How can we boost Convergence going forward?[3]
GDP per capita is the product of GDP per worker (labor productivity) and the share of the population that works (the employment rate):
Low GDP per capita can thus be the result of both low labor productivity and a low employment rate. In CESEE, both factors play a role:
- In most CESEE countries, the employment rate is below that in Western Europe (Figure 18). Low employment rates are a particular problem in SEE and some CIS countries.
- The labor productivity gap with Western Europe is still large, even though it has declined in the past twenty years.
Figure 16. Big differences in growth among regions
Figure 17. Labor markets in EU new member states
Figure 18. Labor utilization and productivity
To raise labor productivity more investment is needed. The capital stock per worker in a typical CESEE economy is only about a third of that in advanced Europe. Domestic saving rare are too low in most the region; policies should, therefore, focus on institutional reforms that reduce inefficiencies and increase returns on private investment and savings.
Boosting total factor productivity (TFP) is important as well. CESEE countries have to address structural and institutional obstacles that prevent efficient use of available technologies or lead to an inefficient allocation of resources. The recent IMF CESEE report suggests the largest efficiency gains are likely to come from improving the quality of institutions (protection of property rights, legal systems, and healthcare); increasing the affordability of financial services (especially for small but productive firms), and improving government efficiency.
Conclusion
Since the fall of communism, there have been large differences in the convergence of income levels with the US among CESEE countries. Much of these differences reflect differences in policies. Countries that reformed more and earlier saw faster growth than countries that reformed less or later. Macro-stability also helped, and countries that avoided boom-busts tended to grow faster.

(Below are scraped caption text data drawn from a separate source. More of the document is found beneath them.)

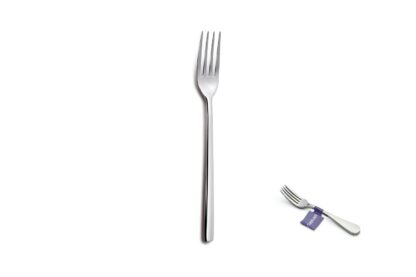 FILM 3 TABLE FORK CANADA M 18% 4MM.
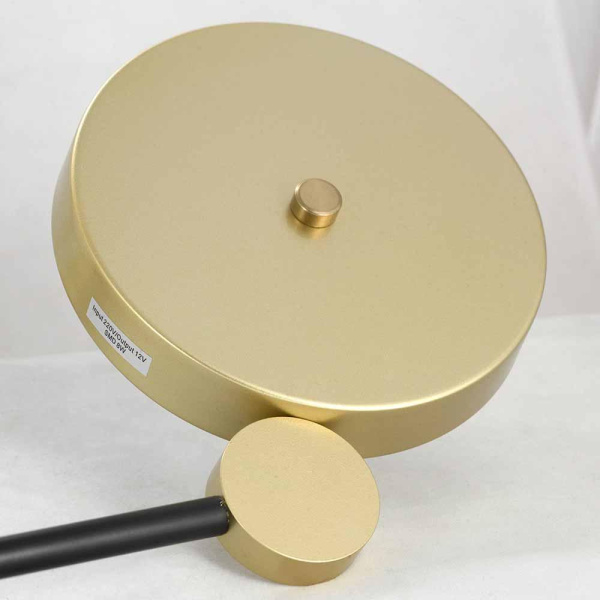 Купить Lussole Светильник LSP-8433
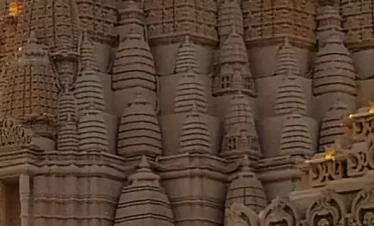 Sri Lanka Ramayana Heritage Tour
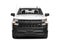 2020 Chevrolet Silverado 1500 Crew Cab Standard Box 2-Wheel Drive WT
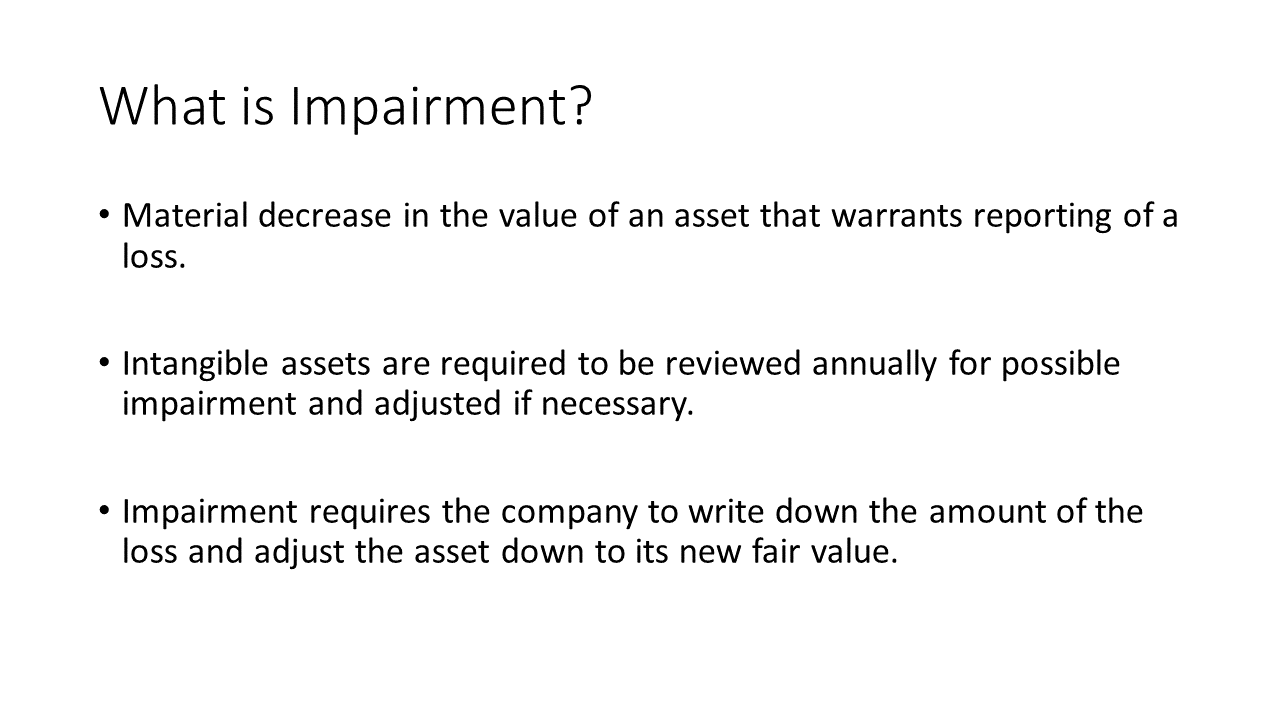 Instantcert Credit Financial Accounting Lesson 62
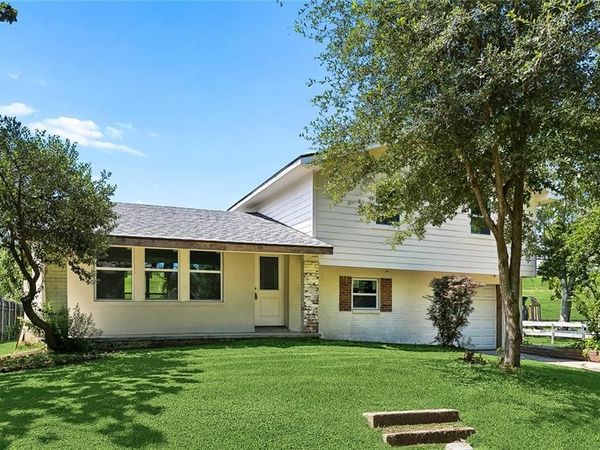 101 HAZEL Drive , River Ridge, LA 70123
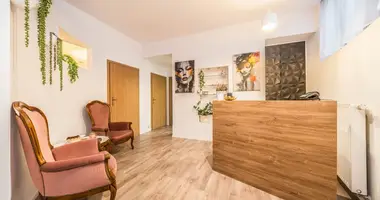 Apartamento en Poznan, Polonia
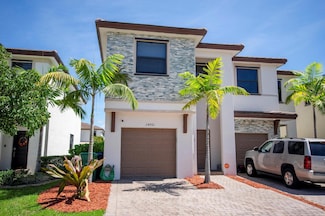 24961 SW 107th Ct, Homestead, FL 33032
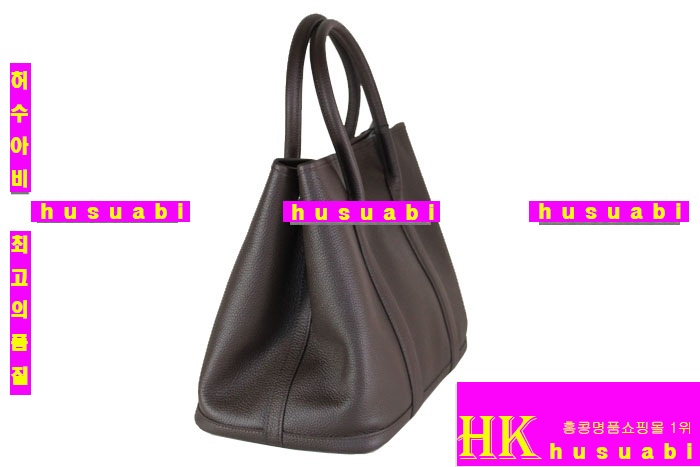 �����޽� ����� ���� ��ǰ����6003-1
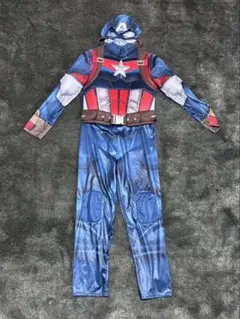 Item thumbnail for item 9d9f319f-bae9-401c-a671-cfc3c977f946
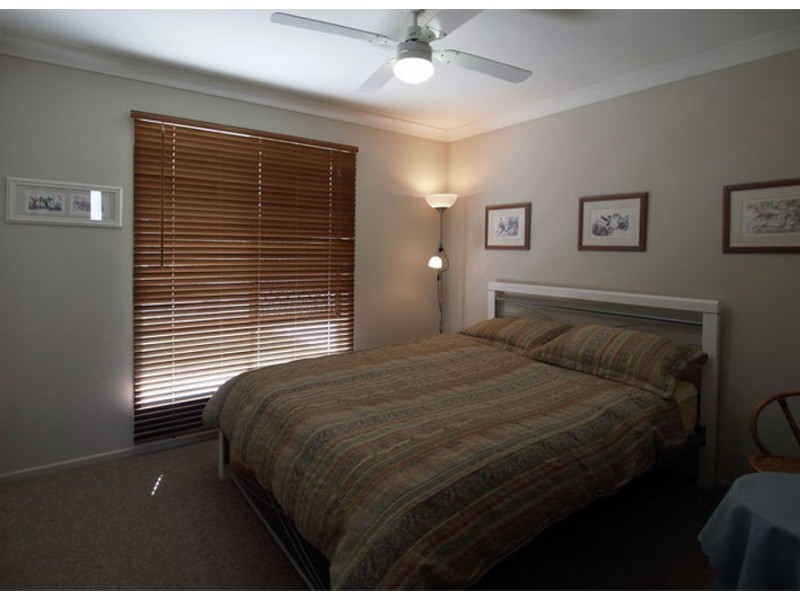 23 Vicky Ave, Crows Nest QLD 4355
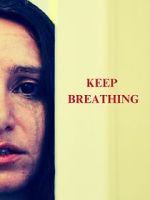 Watch Keep Breathing 123MoviesFree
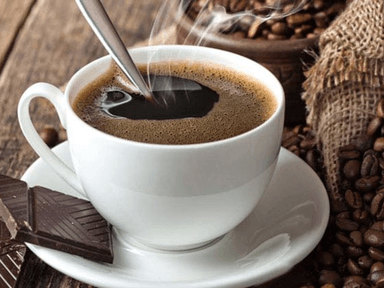 Café Americano
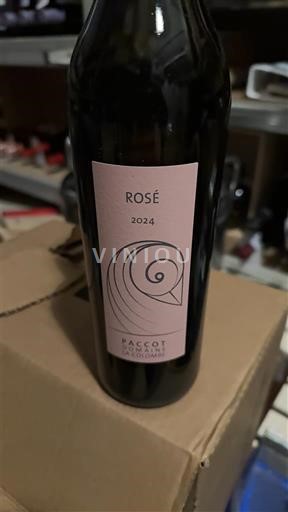 Vaud Dealurile Paccot 2024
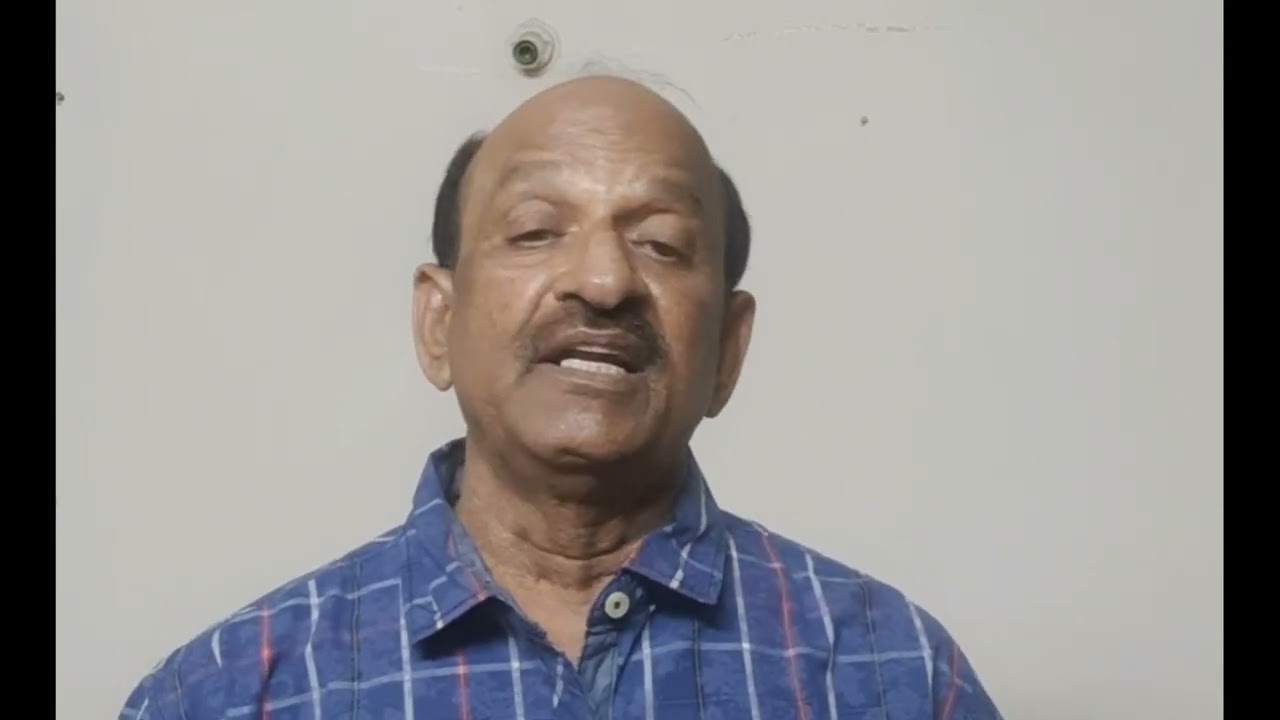 Russia చైనా లను నమ్ముకుంటే ?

Continued convergence will require a higher investment, higher TFP, and higher employment rates. The capital stock per worker is still below that in Western Europe. Higher investment rates will require higher saving rates, lest large current account deficits emerge anew. Addressing structural and institutional obstacles would also help convergence, as it will support higher labor force participation and allow for a more efficient allocation of resources.
Notes and References
- [1] Bas B. Bakker is the Senior Resident Representative and Krzysztof Krogulski an economist in the IMF’s Regional Office for Central and Eastern Europe in Warsaw. The views expressed in this paper are those of the author(s) and do not necessarily represent the views of the IMF, its Executive Board, or IMF management.
- [2]This is not to say that the rapid and seamless approach was without problems, notably large losses of output and high unemployment in the short run. Thus, reform will always have to worry about the social safety net and, under some circumstances, may benefit from external assistance, which is where the IMF and others can come in.
- [3]The IMF addressed this question in depth in the spring 2016 issue of “CESEE Regional Economic Issues.”
Disclaimer: Opinions expressed in policy papers and other publications are those of the authors; they do not necessarily reflect those of the FREE Network and its research institutes.